Появление Светланы Тихановской.
Именно в этот момент впервые в публичном пространстве появляется Светлана Тихановская. Если не считать её короткого заявления о намерении выйти из кампании сразу после ареста Сергея Тихановского, то она появлялась на публике лишь в виде картонного изображения. Однако ситуацию с «обнаружением» 900 тысяч долларов в их доме она согласилась прокомментировать российскому телеканалу "Дождь".
В этом интервью Тихановская дала понять, что эти деньги были подброшены. При этом она сделала заявление, которое даёт ключ к пониманию ее последующих поступков: «Если бы у нас были 900 тысяч, то ни я, ни Сергей никогда бы не озаботились так называемыми правами простого белорусского народа.»
Белорусы, как и граждане любой другой страны, вряд ли были склонны воспринимать безработную домохозяйку как человека, чьё мнение имеет какой-то политический вес. Это, впрочем, объяснимо. Трудно себе представить, чтобы в Германии, Великобритании, Франции или США всерьёз прислушивались к человеку, который никогда не работал, не имел опыта коллективной деятельности, не занимал никаких должностей ни в профессиональной, ни в общественной сфере. Демократии могут быть разными, но везде сохраняется базовая вера в компетентность и ответственность, которые рождаются из опыта.
Поэтому большинство просто проигнорировало её слова, сосредоточившись главным образом на тех методах, к которым прибегал режим в ходе кампании. Не придал значения этим словам тогда и я.
Не будем сейчас пускаться в рассуждения о том, разделял ли сам Сергей Тихановский эту точку зрения — к тому моменту он уже находился в тюрьме и не мог ни опровергнуть, ни прокомментировать подобные заявления. Сейчас, после его освобождения, появилась возможность задать ему этот вопрос. Хотя, быть может, теперь это уже и не столь важно.
Важнее другое. Тот комментарий Светланы большинство проигнорировало. Зато его заметил Александр Лукашенко. Он не воспринял эти слова как случайную оговорку. Он услышал в них откровение. Сигнал готовности к любой сделке, если будет предложена определённая сумма. Причём сумма, как мы увидим в дальнейшем, для него мизерная, не намного превышающая стоимость корма для его шпица.

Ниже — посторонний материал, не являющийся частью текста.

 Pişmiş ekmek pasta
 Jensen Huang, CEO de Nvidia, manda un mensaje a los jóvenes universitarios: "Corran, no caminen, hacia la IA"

К Лукашенко можно относиться по-разному. Можно иронизировать по поводу уровня его образования. Можно разоблачать масштабы коррупции, непотизма и личного обогащения — всего того, с чем он якобы шёл бороться в 1994 году. Можно сокрушаться, что Беларусь, обладавшая одним из самых мощных потенциалов в Центральной и Восточной Европе, превратилась под его руководстом в одну из беднейших стран континента.
В одном ему не откажешь — в политической интуиции. В той самой, выработанной многолетним опытом пребывания сначала среди животного мира (в колхозе), а потом доведённой до совершенства годами борьбы за власть и ее удержания.

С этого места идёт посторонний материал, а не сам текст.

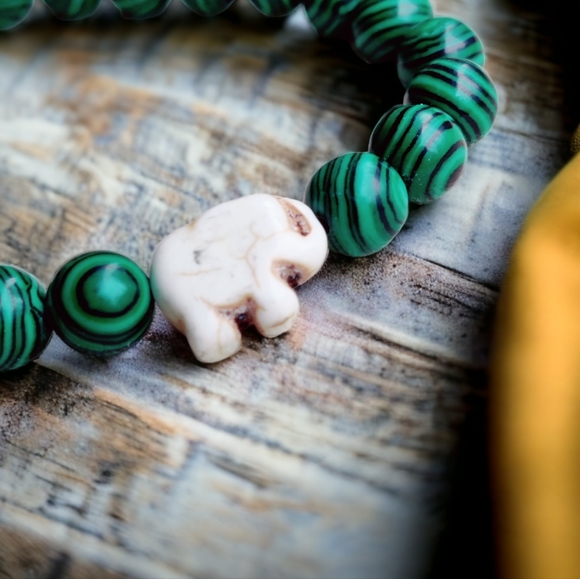 Vintage Jewelry - Malachite and white turquoise elephant bracelet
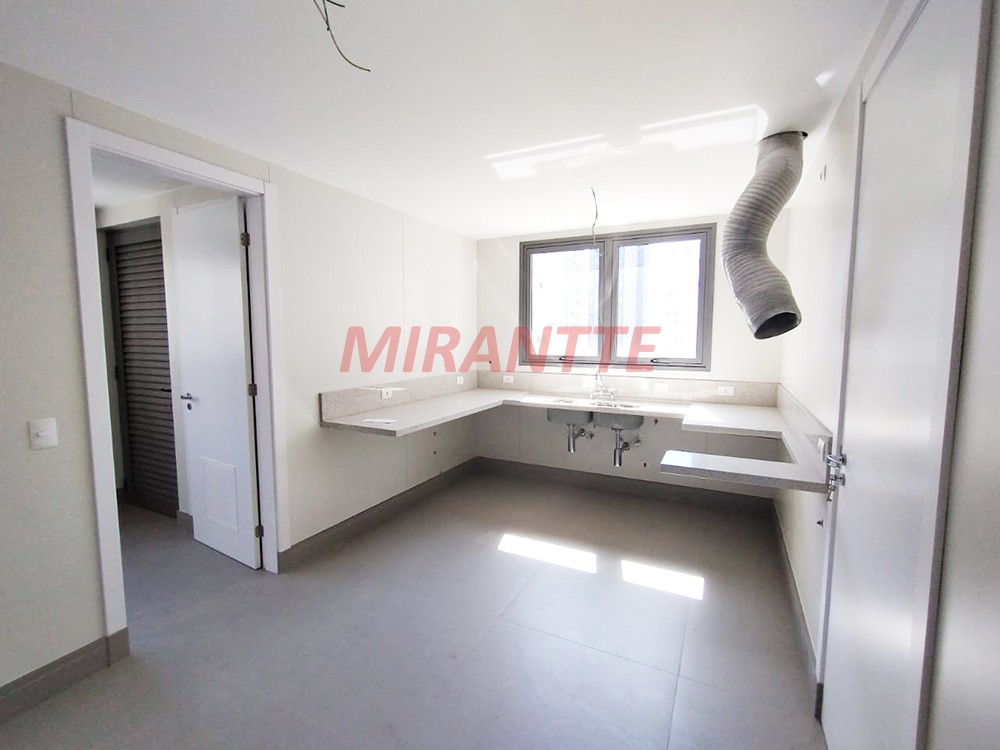 Apartamento de 350m² com 4 quartos em Santa Cecilia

Мы же в тот момент были наивны. Мы руководствовались принципами. Ставили во главу угла интересы народа - его свободу, достоинство, право на благополучие, на чем должно строиться подлинное государство. Я знаю, что теми же убеждениями был движим и Виктор Бабарико — человек, который, как и я, поставил на кон всё: уважение, имущество, репутацию. Мы не просчитывали выгоду. Мы верили в дело, за которое боролись.
Я не мог себе представить, что эти принципы, интересы народа могут быть "обменены на чечевичную похлёбку". Что кто-то мог вступить в кампанию не ради принципов, а ради денег.

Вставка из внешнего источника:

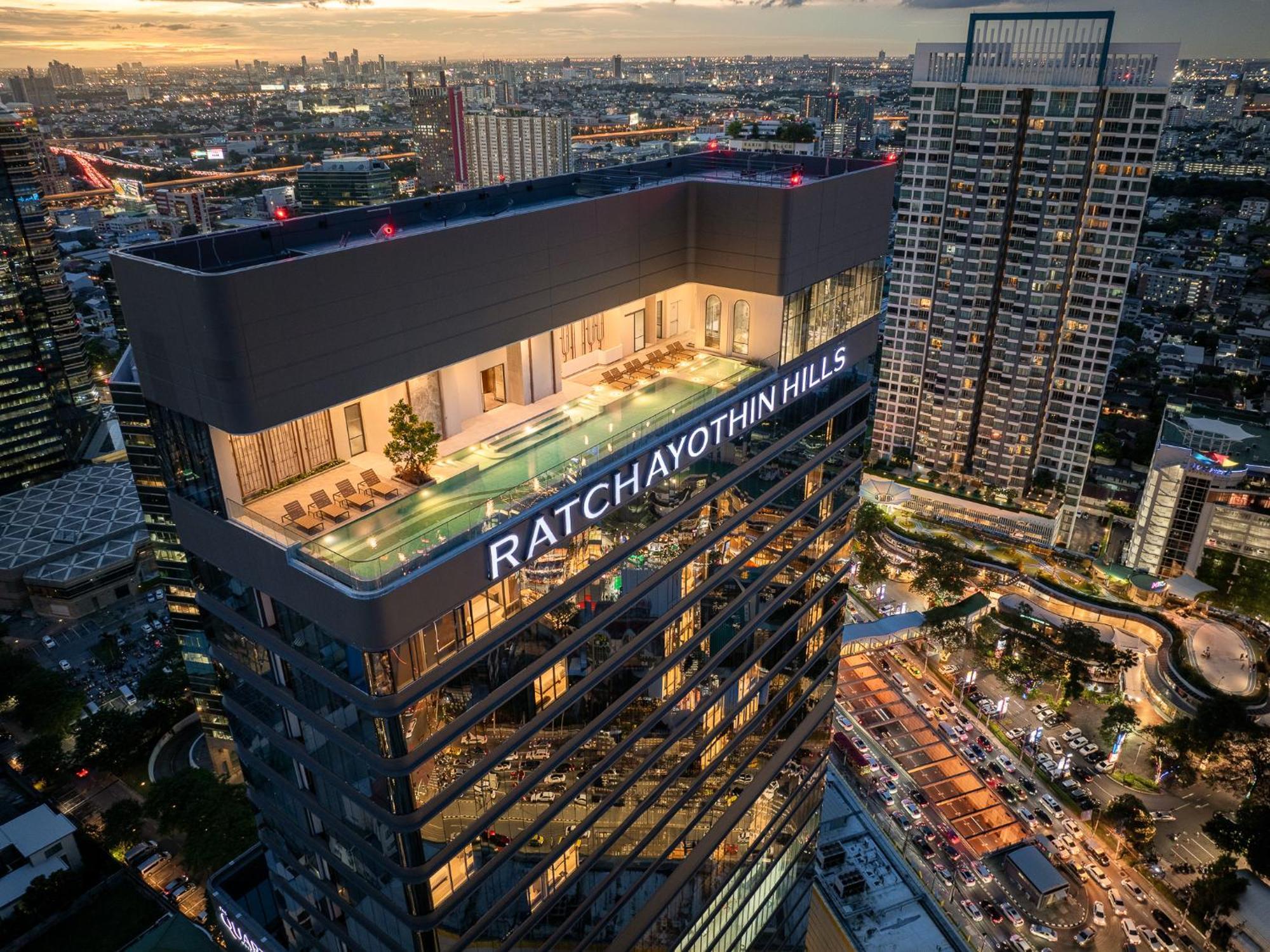 The Quarter Ratchayothin By Uhg Hotell Bangkok Exteriör bild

Лукашенко же прочитал это мгновенно. Он услышал в высказывании о деньгах ту мотивацию, которую знал лучше всего: корысть — качества, по которым он годами подбирал себе окружение. Он знал: такие люди легко управляемы. Их можно купить, ими можно манипулировать, их всегда можно держать на крючке — через страх, зависимость или шантаж.
Он вряд ли читал Бенджамина Франклина, но интуитивно понимал: "Пустой мешок прямо стоять не может." Когда прозвучало откровение про 900 тысяч, он увидел перед собой не оппонента, и даже не гражданина. Он усмотел обычного рвача — жадного до денег, готового ради них на любое предательство.
Именно это заявление, как мы позже увидим, станет одним из ключевых факторов, повлиявших на его решение зарегистрировать Тихановскую в качестве «оппозиции» — удобной, ручной, податливой. С той, с кем можно будет разыграть спектакль контролируемых выборов, имитируя демократический процесс.